Most of the changes have been to the parser, located at: /phc-0.1.7rc2/generated_src/php_parser.ypp. There was very little to add to the lexer, just a couple of lines shown below. The modified lexer is located at: /phc-0.1.7rc2/generated_src/php_scanner.lex.
The following definitions were added to the definition of a statement
:
| '<' {$1 = NEW(AST_xml_element,());} xml_element_name statement { CAST_AST(new_element,$1,AST_xml_element); CAST_AST(xml_element_name, $3, AST_xml_element_name); CAST_STATEMENT_VECTOR(tag_stat, $4); new_element->xml_element_name = xml_element_name; new_element->statements = tag_stat; $$ = new_element; } | '<' '?' {$2 = NEW(AST_xml_processing_instruction,());} xml_element_name statement { CAST_AST(new_element,$2,AST_xml_processing_instruction); CAST_AST(xml_element_name, $4, AST_xml_element_name); CAST_STATEMENT_VECTOR(tag_stat, $5); new_element->xml_element_name = xml_element_name; new_element->statements = tag_stat; $$ = new_element; } | '&' {$1 = NEW(AST_xml_element_attribute,());} xml_element_name atribute_assignment expr ';' { CAST_AST(new_att,$1,AST_xml_element_attribute); CAST_AST(xml_element_name, $3, AST_xml_element_name); CAST_AST(expr, $5, AST_expr); new_att->xml_element_name = xml_element_name; new_att->expr = expr; $$ = new_att; } | '?' escaped_echo_expr_list ';' { $$ = $2; }
Since the added instructions use existing symbols, there was no need to
modify the lexer definitions for these. The statements added where <
for tags, <?
for XML processing instructions, &
for XML element attributes and ?
for escaped print (or
echo).
The CAST_AST
macro declares an object named as the first
argument, with the data of the second argument (usually, a parsed element) of
the class indicated in the third argument.
A <
is expected to be followed by an xml_element_name
(defined below) and a statement
, which is already defined.
A <?
also requires an xml_element_name
and can
have statements. The definition is pretty much like the previous, except
that a different kind of node is created, an AST_xml_processing_instruction
instead of a AST_xml_element
.
A &
statement requires an attribute name, which is also an xml_element_name
an expression and an ending ;
. This last is now required
since in the previous two, statement already assumes an ending ;
.
There is also a atribute_assignment
which might be either an equal
sign or empty, as shown below.

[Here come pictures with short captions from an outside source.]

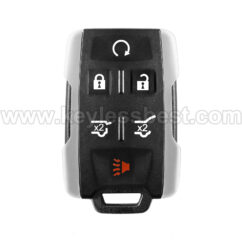 2014-2019 Chevrolet GMC Colorado Silverado Suburban Tahoe Sierra Yukon Canyon / 6 Buttons Keyless Entry Remote / M3N32337100 / PN:13577766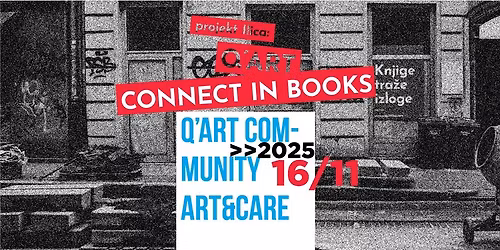 Q'ART CONNECT IN BOOKS
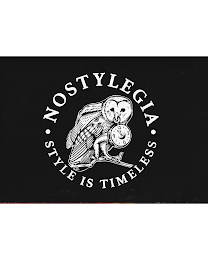 .NOSTYLEGIA. STYLE IS TIMELESS 12369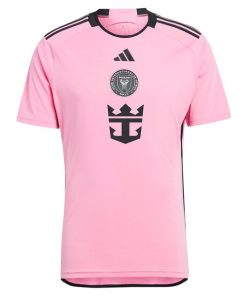 Alternative view of Lionel Messi Inter Miami CF adidas 2024 2getherness Replica Player Jersey - Pink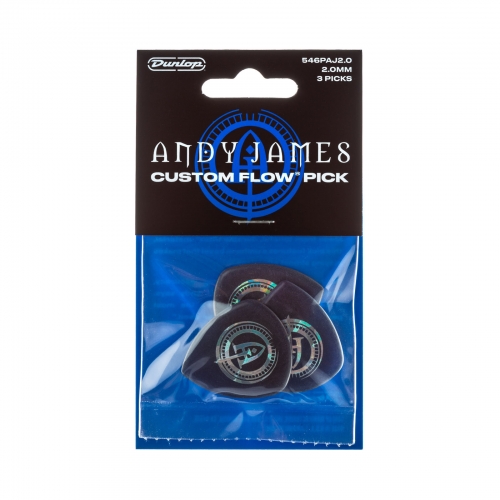 Dunlop Andy James Flow Plectrum 546PAJ200 - 3-Pack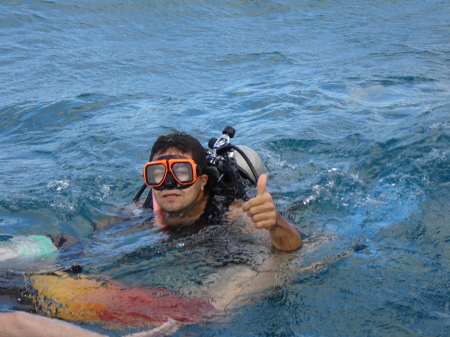 SCUBA!! IN ANTIGUA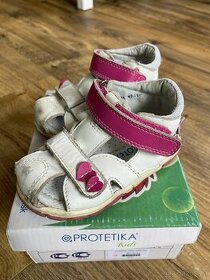 Dětské sandály Protetika Uma White vel. 21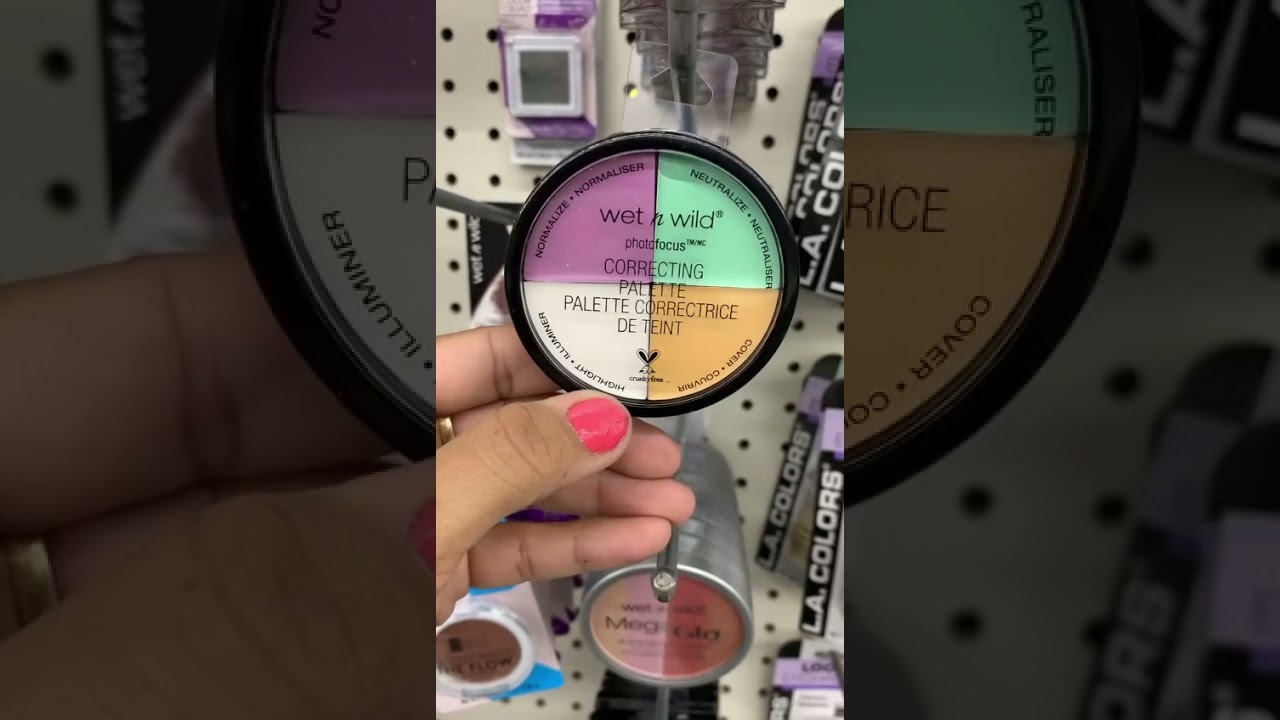 Wet&Wild Color Corrector at Dollar Tree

This is just to allow for an optional equal
sign in between the attribute name and its value which is otherwise ignored:
atribute_assignment: /* empty */ | '=' ;
Finally, the ?
instruction is followed by an escaped_echo_expr_list
, a definition I just barely modified from the echo_expr_list
which
was already part of the original parser.
An xml_element_name
is defined as one or two xml_element_name_fragment
s separated by a colon:
xml_element_name: xml_element_name_fragment | xml_element_name_fragment ':' xml_element_name_fragment
Before analyzing the actions associated with each, let us see what an xml_element_name_fragment is
xml_element_name_fragment: VARIABLE { CAST_STR(name,$1,Token_tag_name); $$ = NEW(AST_xml_element_name, (false,NULL,true,name)); } | IDENT { MAKE_ELEMENT_NAME($$,$1) } | XML_IDENT { MAKE_ELEMENT_NAME($$,$1) } | K_AND { MAKE_ELEMENT_NAME($$,$1) } | K_OR { MAKE_ELEMENT_NAME($$,$1) } | K_XOR { MAKE_ELEMENT_NAME($$,$1) } | K___FILE__ { MAKE_ELEMENT_NAME($$,$1) } | K___LINE__ { MAKE_ELEMENT_NAME($$,$1) } ........ ;
A tag name can be either a variable or a identifier, both already
defined elsewhere. Both create a tree node AST_xml_element_name
,
the first with the is_var
(the third argument to the constructor) argument set to true.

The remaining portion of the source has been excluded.